ハイム(Georg Heym)(読み)はいむ(英語表記)Georg Heym

日本大百科全書(ニッポニカ) の解説

ハイム(Georg Heym)
はいむ
Georg Heym
(1887―1912)

ドイツの詩人。大学で法学を修め司法官試補になったが、すぐ勤めを辞めて文学活動に専念。ヒラーを中心とした前衛的な作家集団「新クラブ」の有力メンバーとして旺盛(おうせい)な詩作活動に入り、劇作などにも意欲をみせていたが、冬のある日スケートに出かけて溺死(できし)、短い生涯を閉じた。
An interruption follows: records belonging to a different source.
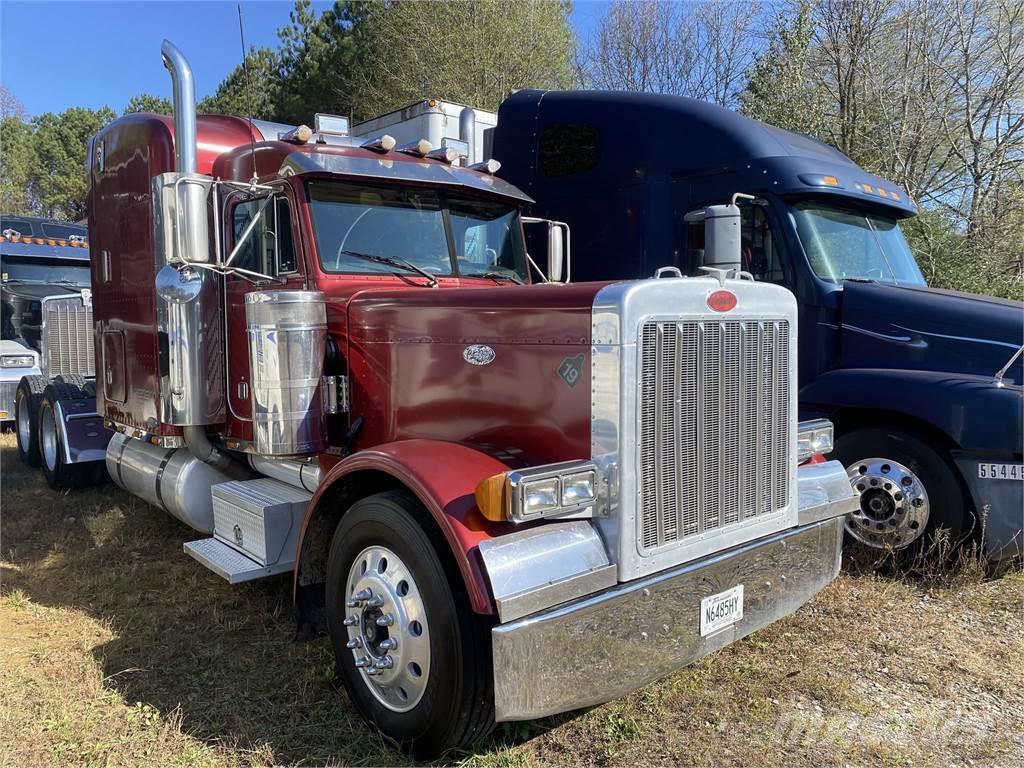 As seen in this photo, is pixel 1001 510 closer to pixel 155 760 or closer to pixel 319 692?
pixel 319 692

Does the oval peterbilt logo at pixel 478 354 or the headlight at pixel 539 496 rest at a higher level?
the oval peterbilt logo at pixel 478 354

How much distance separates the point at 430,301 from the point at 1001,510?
361 centimetres

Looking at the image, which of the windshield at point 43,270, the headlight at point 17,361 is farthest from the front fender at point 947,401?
the windshield at point 43,270

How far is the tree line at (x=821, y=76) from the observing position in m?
13.1

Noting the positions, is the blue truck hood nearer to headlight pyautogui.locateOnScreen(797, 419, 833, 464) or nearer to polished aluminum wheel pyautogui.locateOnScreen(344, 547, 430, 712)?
headlight pyautogui.locateOnScreen(797, 419, 833, 464)

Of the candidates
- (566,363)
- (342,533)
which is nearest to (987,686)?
(566,363)

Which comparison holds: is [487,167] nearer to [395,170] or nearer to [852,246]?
[395,170]

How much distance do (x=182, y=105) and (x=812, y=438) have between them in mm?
3784

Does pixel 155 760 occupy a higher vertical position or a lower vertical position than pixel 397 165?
lower

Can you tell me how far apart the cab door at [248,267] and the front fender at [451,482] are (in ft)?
4.41

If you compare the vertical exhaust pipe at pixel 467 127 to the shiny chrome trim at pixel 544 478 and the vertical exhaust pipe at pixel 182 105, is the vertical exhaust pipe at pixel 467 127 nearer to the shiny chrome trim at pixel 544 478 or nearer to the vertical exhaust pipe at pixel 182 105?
the vertical exhaust pipe at pixel 182 105

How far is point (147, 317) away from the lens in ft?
17.1

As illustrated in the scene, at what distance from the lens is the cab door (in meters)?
4.10

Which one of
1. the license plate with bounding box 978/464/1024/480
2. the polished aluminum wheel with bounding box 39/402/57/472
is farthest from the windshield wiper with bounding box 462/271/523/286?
the polished aluminum wheel with bounding box 39/402/57/472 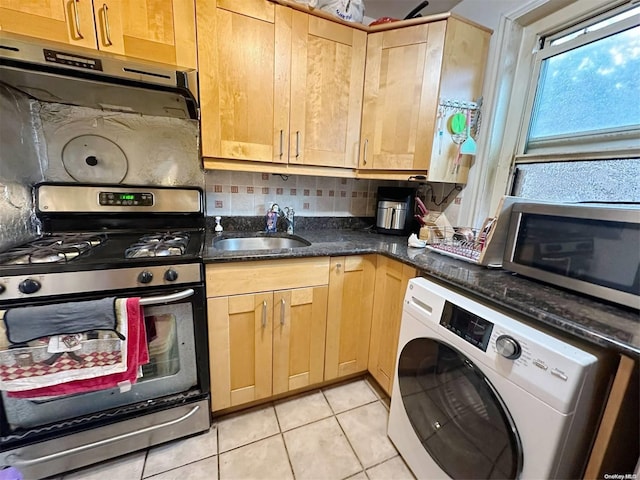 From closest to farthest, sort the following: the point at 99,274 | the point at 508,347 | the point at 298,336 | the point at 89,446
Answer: the point at 508,347 < the point at 99,274 < the point at 89,446 < the point at 298,336

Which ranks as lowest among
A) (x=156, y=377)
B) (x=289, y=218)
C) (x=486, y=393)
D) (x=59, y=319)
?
(x=156, y=377)

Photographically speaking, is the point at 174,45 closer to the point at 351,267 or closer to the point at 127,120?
the point at 127,120

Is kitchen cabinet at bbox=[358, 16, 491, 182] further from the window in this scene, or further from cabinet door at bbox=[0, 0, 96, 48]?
cabinet door at bbox=[0, 0, 96, 48]

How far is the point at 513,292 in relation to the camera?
2.74 ft

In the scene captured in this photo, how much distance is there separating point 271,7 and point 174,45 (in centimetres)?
50

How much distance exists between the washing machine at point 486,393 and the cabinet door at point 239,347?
2.10 feet

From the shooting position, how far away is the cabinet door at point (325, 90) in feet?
4.43

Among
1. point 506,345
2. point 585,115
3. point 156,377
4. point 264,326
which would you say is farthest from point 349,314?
point 585,115

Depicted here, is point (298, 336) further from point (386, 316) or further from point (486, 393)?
point (486, 393)

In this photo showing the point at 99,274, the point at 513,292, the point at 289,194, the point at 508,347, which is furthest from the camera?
the point at 289,194

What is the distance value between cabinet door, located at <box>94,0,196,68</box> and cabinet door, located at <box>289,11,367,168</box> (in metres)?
0.49

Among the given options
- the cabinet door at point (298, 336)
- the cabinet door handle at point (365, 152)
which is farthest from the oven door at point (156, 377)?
the cabinet door handle at point (365, 152)

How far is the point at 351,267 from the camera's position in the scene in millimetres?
1393

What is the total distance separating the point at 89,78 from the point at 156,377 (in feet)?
4.10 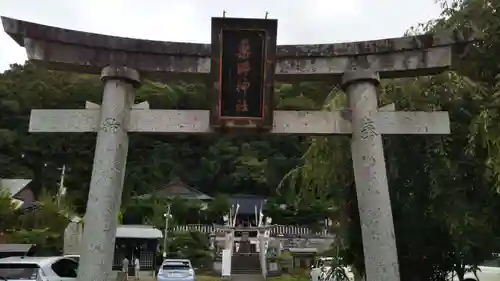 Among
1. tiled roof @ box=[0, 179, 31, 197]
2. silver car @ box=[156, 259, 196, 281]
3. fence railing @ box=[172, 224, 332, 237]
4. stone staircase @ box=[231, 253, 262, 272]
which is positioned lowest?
silver car @ box=[156, 259, 196, 281]

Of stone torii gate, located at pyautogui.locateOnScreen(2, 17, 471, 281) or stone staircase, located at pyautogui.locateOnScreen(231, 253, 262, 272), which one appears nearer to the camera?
stone torii gate, located at pyautogui.locateOnScreen(2, 17, 471, 281)

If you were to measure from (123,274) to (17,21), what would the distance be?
68.3 ft

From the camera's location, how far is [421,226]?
934cm

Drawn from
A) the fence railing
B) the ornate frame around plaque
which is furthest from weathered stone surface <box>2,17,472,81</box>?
the fence railing

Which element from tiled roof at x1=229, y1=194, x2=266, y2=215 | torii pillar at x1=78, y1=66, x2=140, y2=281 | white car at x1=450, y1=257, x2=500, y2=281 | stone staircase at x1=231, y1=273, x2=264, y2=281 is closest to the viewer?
torii pillar at x1=78, y1=66, x2=140, y2=281

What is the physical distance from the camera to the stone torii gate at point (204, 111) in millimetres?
7547

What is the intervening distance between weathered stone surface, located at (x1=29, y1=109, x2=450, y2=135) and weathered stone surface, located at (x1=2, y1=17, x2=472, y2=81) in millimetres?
700

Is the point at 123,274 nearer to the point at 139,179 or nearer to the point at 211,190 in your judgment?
the point at 139,179

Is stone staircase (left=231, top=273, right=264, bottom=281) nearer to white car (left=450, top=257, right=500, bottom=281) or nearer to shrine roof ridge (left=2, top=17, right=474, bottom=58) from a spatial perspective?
white car (left=450, top=257, right=500, bottom=281)

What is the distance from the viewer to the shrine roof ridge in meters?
7.72

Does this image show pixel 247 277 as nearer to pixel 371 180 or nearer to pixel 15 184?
pixel 15 184

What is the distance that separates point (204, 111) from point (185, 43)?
1.17 meters

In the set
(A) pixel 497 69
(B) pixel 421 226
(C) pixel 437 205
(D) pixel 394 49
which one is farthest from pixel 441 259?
(D) pixel 394 49

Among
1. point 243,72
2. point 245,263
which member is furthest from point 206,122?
point 245,263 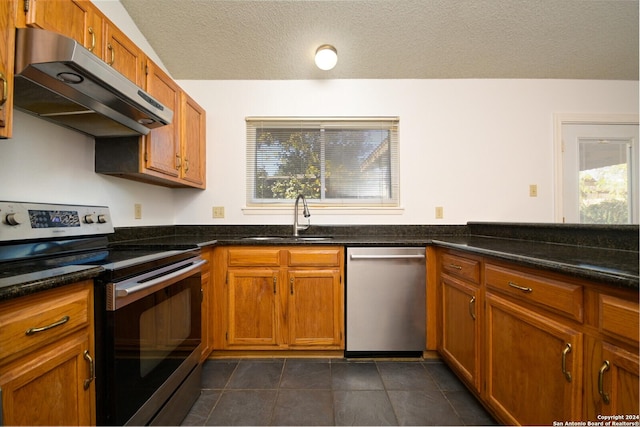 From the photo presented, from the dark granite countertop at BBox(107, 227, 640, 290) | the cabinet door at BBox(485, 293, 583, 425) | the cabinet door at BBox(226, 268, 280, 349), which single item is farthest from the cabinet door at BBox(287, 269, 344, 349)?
the cabinet door at BBox(485, 293, 583, 425)

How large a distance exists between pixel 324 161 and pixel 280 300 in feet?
4.42

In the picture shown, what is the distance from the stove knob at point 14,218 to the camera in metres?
1.01

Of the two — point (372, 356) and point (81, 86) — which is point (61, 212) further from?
point (372, 356)

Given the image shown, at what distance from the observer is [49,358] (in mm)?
728

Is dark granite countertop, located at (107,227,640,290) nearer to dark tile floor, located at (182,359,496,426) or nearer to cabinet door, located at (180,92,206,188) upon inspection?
cabinet door, located at (180,92,206,188)

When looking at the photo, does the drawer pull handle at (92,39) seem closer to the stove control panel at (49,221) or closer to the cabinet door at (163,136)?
the cabinet door at (163,136)

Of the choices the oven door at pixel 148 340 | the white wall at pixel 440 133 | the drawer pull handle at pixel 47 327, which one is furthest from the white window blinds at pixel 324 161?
the drawer pull handle at pixel 47 327

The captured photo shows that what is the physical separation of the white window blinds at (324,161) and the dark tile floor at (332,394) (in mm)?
1358

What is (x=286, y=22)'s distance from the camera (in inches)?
74.5

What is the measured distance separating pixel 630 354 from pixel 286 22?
2504 millimetres

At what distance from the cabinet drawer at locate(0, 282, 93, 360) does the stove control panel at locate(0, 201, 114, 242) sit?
51cm

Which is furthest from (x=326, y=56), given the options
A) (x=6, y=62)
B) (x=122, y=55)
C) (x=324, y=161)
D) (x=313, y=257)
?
(x=6, y=62)

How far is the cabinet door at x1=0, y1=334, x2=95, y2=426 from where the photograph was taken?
0.65 metres

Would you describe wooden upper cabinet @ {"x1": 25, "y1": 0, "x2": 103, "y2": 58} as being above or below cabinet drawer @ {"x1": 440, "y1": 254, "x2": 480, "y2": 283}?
above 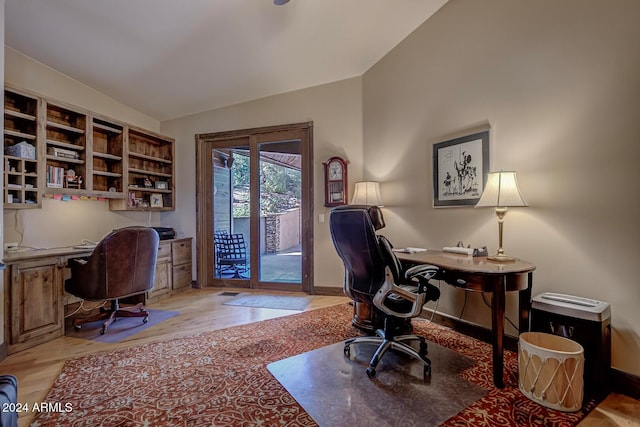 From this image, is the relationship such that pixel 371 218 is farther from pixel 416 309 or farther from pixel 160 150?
pixel 160 150

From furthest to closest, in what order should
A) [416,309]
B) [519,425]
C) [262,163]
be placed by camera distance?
1. [262,163]
2. [416,309]
3. [519,425]

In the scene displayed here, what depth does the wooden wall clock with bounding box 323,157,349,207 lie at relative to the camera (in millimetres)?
3924

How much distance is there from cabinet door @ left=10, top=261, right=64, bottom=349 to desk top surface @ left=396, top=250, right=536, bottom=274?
313 centimetres

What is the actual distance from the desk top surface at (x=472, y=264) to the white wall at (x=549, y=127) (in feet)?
1.07

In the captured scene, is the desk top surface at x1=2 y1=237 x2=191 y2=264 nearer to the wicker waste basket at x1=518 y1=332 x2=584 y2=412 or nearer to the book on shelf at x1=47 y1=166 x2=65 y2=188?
the book on shelf at x1=47 y1=166 x2=65 y2=188

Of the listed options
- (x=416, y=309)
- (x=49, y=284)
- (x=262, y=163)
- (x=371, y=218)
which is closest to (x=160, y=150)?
(x=262, y=163)

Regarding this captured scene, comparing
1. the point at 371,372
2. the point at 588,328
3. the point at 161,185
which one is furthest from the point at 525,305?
the point at 161,185

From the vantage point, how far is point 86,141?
10.9 ft

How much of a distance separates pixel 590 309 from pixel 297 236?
10.4ft

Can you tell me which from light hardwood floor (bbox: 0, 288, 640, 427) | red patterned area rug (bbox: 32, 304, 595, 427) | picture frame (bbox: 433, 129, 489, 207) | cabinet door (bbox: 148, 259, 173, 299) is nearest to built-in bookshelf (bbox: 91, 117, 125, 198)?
cabinet door (bbox: 148, 259, 173, 299)

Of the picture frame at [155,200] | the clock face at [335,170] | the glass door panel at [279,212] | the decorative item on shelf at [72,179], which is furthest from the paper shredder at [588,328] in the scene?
the picture frame at [155,200]

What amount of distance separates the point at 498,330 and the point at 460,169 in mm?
1471

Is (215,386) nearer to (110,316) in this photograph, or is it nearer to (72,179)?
(110,316)

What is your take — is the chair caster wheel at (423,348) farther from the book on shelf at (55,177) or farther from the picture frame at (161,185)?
the picture frame at (161,185) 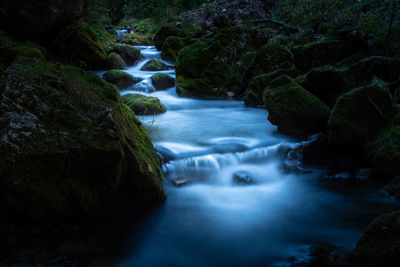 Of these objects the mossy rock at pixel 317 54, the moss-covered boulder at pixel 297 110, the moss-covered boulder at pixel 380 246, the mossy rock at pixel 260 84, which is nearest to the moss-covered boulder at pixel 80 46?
the mossy rock at pixel 260 84

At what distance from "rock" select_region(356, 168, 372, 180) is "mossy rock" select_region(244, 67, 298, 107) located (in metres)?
4.44

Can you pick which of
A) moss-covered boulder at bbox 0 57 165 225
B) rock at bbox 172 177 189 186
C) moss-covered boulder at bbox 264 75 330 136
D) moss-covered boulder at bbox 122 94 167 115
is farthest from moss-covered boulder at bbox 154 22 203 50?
moss-covered boulder at bbox 0 57 165 225

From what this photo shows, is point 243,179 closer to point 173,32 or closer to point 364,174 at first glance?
point 364,174

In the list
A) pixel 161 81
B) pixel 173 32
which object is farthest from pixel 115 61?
pixel 173 32

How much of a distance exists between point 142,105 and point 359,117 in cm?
514

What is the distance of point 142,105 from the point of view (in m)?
7.42

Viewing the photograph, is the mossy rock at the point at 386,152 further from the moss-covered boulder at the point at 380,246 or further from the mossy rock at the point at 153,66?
the mossy rock at the point at 153,66

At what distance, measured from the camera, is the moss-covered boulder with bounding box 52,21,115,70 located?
10508 mm

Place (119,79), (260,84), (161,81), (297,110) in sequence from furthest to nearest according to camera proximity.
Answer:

最初は印象派および新浪漫(ろうまん)派の影響下にあったが、やがて「目覚めた幻想力」、異常な感覚力により都会の醜悪、病苦、孤独、死の恐怖をとらえ、暗澹(あんたん)たる終末風景あるいは黙示録的光景を幻視的に描き出すという独自の詩風を築いた。暗喩(あんゆ)言語、擬人法、神話的形象を駆使した手法は、彼を初期表現主義における独特の存在にしている。彼にとって詩作は、歴史的過程における現実のあらゆる局面、すべての具体的行動を全面的に否定し続ける行為であった。おもな作品は、詩集永劫(えいごう)の日』(1911)、戯曲アトランタ』(1911)、遺稿詩集『生の影』(1912)など。現在は全集も出ている。